Apesar da competição acirrada, um “interesse mútuo” na segurança da IA foi reconhecido. Xue Lan, assessor do governo chinês, afirmou que a segurança de um país na área de IA afeta a segurança de todos. Ele e Yi Zeng, diretor do instituto de segurança de IA de Pequim, têm defendido esforços globais para regulamentar e, potencialmente, desacelerar o desenvolvimento da IA, alinhando-se à política chinesa de buscar cooperação internacional e a criação de órgãos de governança global.

A China propõe a ideia de uma “pausa” no desenvolvimento de IA e a adoção de padrões globais para garantir o controle humano, sugerindo que o Ocidente compartilhe recursos de IA com países em desenvolvimento para evitar uma divisão tecnológica global. No entanto, uma abordagem bilateral entre EUA e China é vista como mais provável, dado que ambos detêm a maior parte da capacidade computacional de ponta.

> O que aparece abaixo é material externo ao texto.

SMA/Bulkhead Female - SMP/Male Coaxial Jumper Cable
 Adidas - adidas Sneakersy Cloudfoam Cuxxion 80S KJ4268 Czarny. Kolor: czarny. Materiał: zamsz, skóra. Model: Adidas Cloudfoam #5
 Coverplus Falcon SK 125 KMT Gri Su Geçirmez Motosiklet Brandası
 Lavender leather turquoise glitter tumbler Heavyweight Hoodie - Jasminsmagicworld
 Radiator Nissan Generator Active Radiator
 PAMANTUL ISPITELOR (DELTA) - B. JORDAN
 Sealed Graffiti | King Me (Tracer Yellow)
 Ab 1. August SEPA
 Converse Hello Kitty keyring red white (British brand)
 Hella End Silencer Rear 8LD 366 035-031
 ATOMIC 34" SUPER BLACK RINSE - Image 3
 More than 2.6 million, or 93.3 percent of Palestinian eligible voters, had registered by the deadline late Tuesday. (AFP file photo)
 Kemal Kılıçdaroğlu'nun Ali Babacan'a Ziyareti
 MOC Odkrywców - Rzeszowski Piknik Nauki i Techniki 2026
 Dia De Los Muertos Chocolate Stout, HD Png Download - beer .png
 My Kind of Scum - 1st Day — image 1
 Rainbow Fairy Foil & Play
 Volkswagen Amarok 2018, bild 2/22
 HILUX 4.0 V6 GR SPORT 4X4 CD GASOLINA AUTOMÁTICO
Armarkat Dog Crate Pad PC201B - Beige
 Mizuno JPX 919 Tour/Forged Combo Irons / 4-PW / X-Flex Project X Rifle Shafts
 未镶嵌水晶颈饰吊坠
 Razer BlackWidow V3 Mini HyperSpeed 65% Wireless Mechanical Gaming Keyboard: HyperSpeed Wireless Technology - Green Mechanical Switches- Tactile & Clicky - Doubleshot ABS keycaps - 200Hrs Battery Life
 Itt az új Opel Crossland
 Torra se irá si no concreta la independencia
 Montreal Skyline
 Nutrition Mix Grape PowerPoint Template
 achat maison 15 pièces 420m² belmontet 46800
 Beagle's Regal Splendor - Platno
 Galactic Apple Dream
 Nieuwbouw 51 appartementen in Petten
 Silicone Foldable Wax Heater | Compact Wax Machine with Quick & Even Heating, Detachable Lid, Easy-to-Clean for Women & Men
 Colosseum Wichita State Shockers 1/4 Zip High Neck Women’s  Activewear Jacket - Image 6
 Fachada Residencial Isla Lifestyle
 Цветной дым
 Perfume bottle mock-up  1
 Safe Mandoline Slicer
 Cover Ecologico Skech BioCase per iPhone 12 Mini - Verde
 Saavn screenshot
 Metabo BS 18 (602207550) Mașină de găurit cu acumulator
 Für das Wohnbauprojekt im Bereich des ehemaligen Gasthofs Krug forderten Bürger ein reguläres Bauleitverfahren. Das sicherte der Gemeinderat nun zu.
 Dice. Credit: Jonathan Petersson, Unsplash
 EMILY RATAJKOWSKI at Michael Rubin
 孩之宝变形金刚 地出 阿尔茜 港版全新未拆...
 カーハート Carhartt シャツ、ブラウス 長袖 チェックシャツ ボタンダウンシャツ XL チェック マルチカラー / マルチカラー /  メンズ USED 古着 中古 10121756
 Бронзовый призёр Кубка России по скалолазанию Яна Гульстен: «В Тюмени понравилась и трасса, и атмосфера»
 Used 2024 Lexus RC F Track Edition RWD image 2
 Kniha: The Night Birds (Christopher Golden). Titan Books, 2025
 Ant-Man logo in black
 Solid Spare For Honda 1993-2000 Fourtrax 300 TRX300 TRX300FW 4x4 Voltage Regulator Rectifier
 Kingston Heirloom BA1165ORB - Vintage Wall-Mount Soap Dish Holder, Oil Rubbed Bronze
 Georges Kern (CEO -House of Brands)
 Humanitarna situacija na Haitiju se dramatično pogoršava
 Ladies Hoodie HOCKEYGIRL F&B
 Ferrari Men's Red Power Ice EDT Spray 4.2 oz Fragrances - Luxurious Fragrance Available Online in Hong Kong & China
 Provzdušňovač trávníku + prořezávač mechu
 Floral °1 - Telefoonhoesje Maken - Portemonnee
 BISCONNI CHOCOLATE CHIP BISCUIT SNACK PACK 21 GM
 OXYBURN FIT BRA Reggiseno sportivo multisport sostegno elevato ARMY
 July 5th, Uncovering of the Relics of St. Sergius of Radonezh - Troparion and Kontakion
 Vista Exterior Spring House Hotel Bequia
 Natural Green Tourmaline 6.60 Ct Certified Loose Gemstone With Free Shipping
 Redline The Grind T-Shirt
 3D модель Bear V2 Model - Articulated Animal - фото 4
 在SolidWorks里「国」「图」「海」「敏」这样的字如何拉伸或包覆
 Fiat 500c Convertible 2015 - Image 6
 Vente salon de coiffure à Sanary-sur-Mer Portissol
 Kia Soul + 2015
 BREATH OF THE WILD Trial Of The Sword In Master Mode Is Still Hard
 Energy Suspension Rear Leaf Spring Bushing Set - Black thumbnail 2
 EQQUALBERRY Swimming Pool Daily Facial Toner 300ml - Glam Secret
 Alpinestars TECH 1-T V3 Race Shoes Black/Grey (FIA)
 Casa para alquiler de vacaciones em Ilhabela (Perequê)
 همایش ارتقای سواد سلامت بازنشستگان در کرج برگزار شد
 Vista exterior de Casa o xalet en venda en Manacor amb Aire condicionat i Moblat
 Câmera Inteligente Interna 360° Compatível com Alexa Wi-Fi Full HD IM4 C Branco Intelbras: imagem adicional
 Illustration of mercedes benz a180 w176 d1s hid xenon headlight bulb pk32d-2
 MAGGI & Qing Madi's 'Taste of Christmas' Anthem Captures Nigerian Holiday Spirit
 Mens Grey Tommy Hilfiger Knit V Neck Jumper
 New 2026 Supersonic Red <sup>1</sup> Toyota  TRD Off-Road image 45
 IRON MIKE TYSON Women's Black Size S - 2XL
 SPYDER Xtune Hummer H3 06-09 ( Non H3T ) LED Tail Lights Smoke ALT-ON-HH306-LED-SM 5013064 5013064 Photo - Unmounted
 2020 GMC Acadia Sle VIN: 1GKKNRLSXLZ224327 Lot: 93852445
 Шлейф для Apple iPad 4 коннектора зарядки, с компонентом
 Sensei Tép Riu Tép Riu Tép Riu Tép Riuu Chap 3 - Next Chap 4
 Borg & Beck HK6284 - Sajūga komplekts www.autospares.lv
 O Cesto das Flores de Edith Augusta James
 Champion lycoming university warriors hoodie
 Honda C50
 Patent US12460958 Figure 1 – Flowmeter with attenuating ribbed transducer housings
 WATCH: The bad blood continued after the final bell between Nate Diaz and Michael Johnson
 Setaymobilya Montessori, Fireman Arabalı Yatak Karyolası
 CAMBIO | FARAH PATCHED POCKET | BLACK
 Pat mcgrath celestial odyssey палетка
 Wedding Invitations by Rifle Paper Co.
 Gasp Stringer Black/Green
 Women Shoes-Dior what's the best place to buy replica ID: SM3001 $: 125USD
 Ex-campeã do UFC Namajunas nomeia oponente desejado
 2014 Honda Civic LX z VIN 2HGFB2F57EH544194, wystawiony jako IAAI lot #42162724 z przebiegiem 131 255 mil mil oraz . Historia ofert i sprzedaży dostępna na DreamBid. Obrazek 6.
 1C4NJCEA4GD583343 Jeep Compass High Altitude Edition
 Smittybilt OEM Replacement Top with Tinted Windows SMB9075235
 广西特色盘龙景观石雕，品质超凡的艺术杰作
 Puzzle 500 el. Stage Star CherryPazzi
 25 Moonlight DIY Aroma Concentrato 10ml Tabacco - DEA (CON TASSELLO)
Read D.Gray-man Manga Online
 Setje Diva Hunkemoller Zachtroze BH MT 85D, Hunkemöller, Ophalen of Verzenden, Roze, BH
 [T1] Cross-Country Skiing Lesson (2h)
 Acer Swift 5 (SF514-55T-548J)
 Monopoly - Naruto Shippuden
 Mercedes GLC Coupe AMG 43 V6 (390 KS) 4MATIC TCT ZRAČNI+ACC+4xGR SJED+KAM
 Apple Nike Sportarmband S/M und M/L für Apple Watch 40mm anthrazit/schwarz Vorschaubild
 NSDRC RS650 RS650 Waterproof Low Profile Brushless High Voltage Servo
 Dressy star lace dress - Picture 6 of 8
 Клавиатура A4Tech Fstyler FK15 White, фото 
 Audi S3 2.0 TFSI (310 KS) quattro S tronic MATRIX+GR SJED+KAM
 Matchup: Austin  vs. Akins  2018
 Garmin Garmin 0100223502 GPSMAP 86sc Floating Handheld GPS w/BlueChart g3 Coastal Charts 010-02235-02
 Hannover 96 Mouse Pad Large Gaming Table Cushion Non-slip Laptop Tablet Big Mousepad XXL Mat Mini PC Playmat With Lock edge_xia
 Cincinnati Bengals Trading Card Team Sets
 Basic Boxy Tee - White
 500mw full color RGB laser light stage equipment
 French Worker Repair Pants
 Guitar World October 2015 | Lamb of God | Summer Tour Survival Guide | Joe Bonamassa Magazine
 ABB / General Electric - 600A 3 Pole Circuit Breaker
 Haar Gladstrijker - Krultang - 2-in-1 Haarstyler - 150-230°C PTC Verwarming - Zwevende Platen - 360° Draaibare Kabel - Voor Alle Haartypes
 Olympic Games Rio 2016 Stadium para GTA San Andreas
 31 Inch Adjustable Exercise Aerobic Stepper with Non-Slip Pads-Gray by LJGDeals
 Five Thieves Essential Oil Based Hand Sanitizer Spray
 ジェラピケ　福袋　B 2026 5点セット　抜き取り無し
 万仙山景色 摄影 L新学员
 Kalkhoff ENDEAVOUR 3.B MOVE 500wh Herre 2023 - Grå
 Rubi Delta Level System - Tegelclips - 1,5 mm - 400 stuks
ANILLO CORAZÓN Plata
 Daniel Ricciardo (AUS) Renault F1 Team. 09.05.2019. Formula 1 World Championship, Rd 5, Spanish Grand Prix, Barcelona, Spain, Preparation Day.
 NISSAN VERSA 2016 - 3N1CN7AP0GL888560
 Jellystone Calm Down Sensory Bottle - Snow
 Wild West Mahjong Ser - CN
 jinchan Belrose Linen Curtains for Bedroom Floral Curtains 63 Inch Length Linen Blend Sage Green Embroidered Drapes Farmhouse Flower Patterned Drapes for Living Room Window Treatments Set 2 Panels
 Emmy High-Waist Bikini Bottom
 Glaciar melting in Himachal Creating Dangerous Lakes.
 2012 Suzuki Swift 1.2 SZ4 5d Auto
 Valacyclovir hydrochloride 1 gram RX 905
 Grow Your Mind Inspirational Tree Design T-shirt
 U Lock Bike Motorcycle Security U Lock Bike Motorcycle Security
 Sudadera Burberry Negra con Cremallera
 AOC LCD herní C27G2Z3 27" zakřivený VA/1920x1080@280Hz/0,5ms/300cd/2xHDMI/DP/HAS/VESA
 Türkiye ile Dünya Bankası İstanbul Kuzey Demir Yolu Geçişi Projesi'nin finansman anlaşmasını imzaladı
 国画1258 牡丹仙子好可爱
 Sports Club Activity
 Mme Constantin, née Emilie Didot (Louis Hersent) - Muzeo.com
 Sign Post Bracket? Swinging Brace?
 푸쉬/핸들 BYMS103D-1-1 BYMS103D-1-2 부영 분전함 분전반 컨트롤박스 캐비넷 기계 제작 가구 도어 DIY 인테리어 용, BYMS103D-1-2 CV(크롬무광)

Desafios na cooperação e a busca por acordos

Autoridades americanas expressam preocupação com o ecossistema de IA chinês, especialmente os modelos de “código aberto”, que facilitam o acesso de agentes mal-intencionados a ferramentas poderosas. Embora conversas sobre IA já tenham ocorrido entre os líderes dos dois países, o ritmo acelerado dos riscos emergentes exige uma reavaliação das abordagens fragmentadas.

Três tipos de cooperação são considerados possíveis: diálogo para “reasseguramento estratégico”, semelhante às negociações de armas nucleares; acordo sobre métodos de teste de segurança de modelos, sem necessariamente compartilhar descobertas; e, o mais ambicioso, um acordo formal para desenvolver e compartilhar resultados de testes de segurança comuns, o que demandaria mecanismos de verificação rigorosos, como inspeções ou monitoramento por órgãos internacionais.

Contudo, a cooperação enfrenta obstáculos significativos. Pesquisadores americanos demonstram ceticismo quanto à sinceridade chinesa, apontando para a negligência em segurança de laboratórios chineses e a percepção de que as preocupações com segurança são performáticas. A China, por sua vez, tem resistido a discussões detalhadas, condicionando-as à suspensão de controles de exportação de chips avançados pelos EUA.

“Se não vencermos na IA, então é o fim do jogo”, declarou o secretário do Tesouro americano em abril ao Wall Street Journal.

O receio de que um acidente trágico seja necessário para impulsionar um controle global efetivo, como ocorrido após desastres como Bhopal ou Chernobyl, paira sobre as negociações. A atual relação entre EUA e China na área de IA representa um verdadeiro teste para a inteligência humana.